Charles Dunlap, left, Indiana Bar Foundation executive director, and former state Chief Justice Randall Shepard, right, listen to Former U.S. Rep. Lee Hamilton speak during a luncheon and panel discussion about the Indiana Civic Health Index at Indiana University Northwest in Gary. Staff photo by Jonathan Miano
Charles Dunlap, left, Indiana Bar Foundation executive director, and former state Chief Justice Randall Shepard, right, listen to Former U.S. Rep. Lee Hamilton speak during a luncheon and panel discussion about the Indiana Civic Health Index at Indiana University Northwest in Gary. Staff photo by Jonathan Miano
GARY | A checkup on Indiana's civic health lays out its residents' strengths and makes clear the areas they can improve - especially voting, and working with neighbors on community improvement projects.

Former U.S. Rep. Lee Hamilton and former Indiana Chief Justice Randall Shepard led a Tuesday discussion at Indiana University Northwest on the recently published 2015 Indiana Civic Health Index, which measures civic engagement in a variety of areas.

"What we want to do is encourage people to get off the sidelines and enter the arena," Hamilton said.

He highlighted voting, volunteering and engagement with other members of the community on projects to improve the community as areas in need of improvement.

"I'm a little uneasy because I think Hoosiers might be a little less engaged than you and I would want them to be," said Hamilton, now director of the Center on Congress at Indiana University.

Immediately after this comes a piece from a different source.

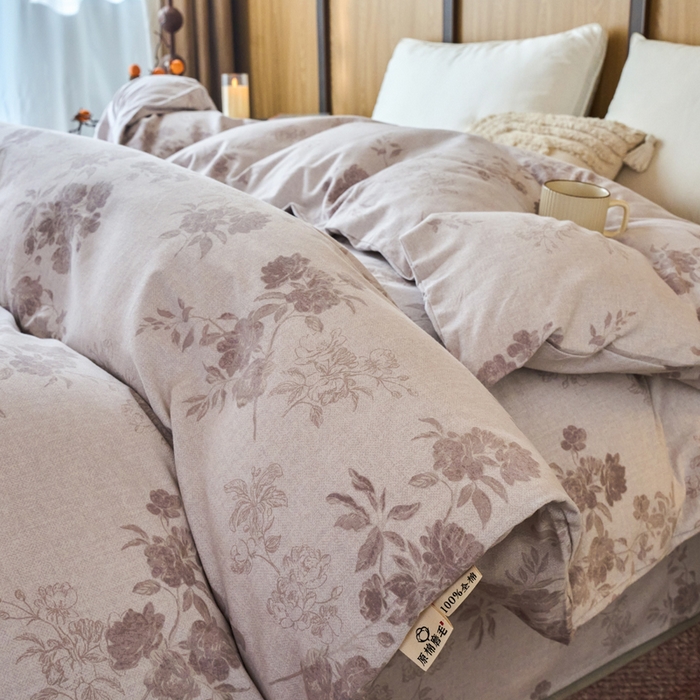 91家纺网 家纺一手货源 找家纺 （总）春皖家纺 2025新款原棉磨毛回暖系列风格1-被套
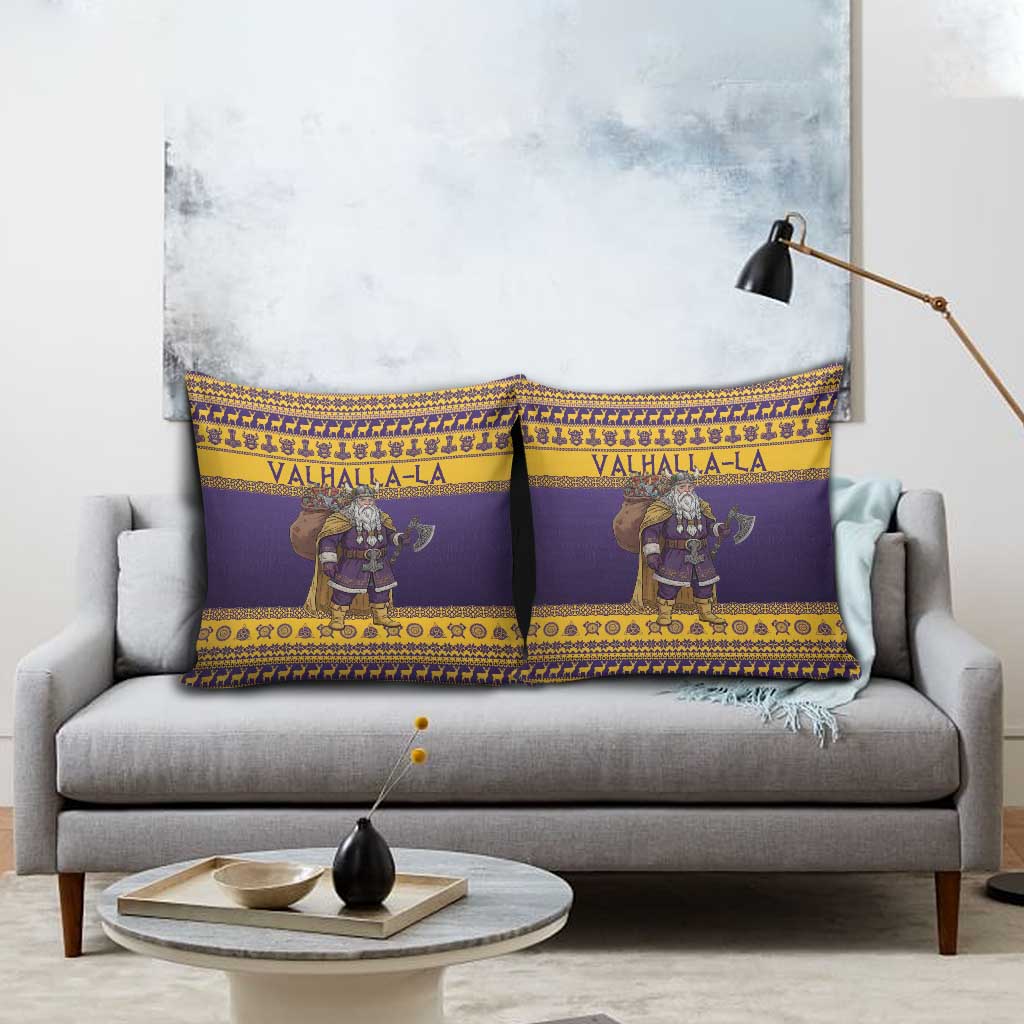 Merry Christmas from Vikingnations Pillow Cover Valhalla-La Santa - Wonder Print Shop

He noted a volunteering rate of 26.9 percent, slightly above the national rate of 25.4 percent, but, "I actually thought our volunteering would be better than that," Hamilton said. 

The state ranks 26th in that category, he said.

A low rate of voter registration — "dead last" in the country, Hamilton noted — and a lower-than-average voting rate had the report's leaders significantly concerned.

"I used to think that Hoosiers did a pretty good job of voting," he said. "But I don't think that's true."

"We put a lot of barriers between the citizen and the voting booth," Hamilton commented before suggesting reforms such as election day registration.

But, "the chief reason people don't vote is they're cynical," he said.

The antidote to cynicism is involvement," Hamilton continued. "If a person is involved in their community, they're not going to be cynical."

Civic engagement, including participation in community improvement projects, contacting public officials and attending meetings, and promoting civic education, can also lead to economic benefits, Hamilton said.

Shepard noted Indiana residents have above-average trust in schools, corporations and the media. "I take all three of these to be relatively good news."

He also noted a "very high level of association between people with a higher level of education and proclivity to be civically engaged with fellow citizens."

The Rev. Dwight Gardner, pastor of Trinity Baptist Church in Gary, was among the attendees. He drew attention to the plight of the city's schools.

"I got to feeling that I was reading 'A Tale of Two Cities,'" he said of the Civic Health Index. There's 84 percent confidence in public schools, he noted, "yet I live in a city that has more charter schools than any other city of its size in the nation. And they're all failing."

Shepard said school trust was an area that saw significant differences among urban, suburban and rural residents. The charter school issue isn't the same in rural areas, where they're not economically viable.

"That suggests a need for stronger conversation," he said.

Gardner also commented on the voting issue, in the context of high unemployment and child poverty: "People who have hope are people who vote."

Charles Dunlap, executive director of the Indiana Bar Foundation, one of the report's sponsors, agreed people can come to feel disenfranchised. 

Low voting can be "a reflection about how people feel about their communities," he said.

Dunlap said a push to raise registration and voting should be a focus of the civic engagement project as it continues.

This year's index is the second one published. In addition to the challenges it presents, it shows Indiana residents are much more engaged with family and religious institutions than their fellow citizens, and have increased their discussion of political issues with family and friends significantly since the first report in 2011.

"You and I have inherited a marvelous state," Hamilton told Tuesday's gathering. "Our job is to make it better for the next generation."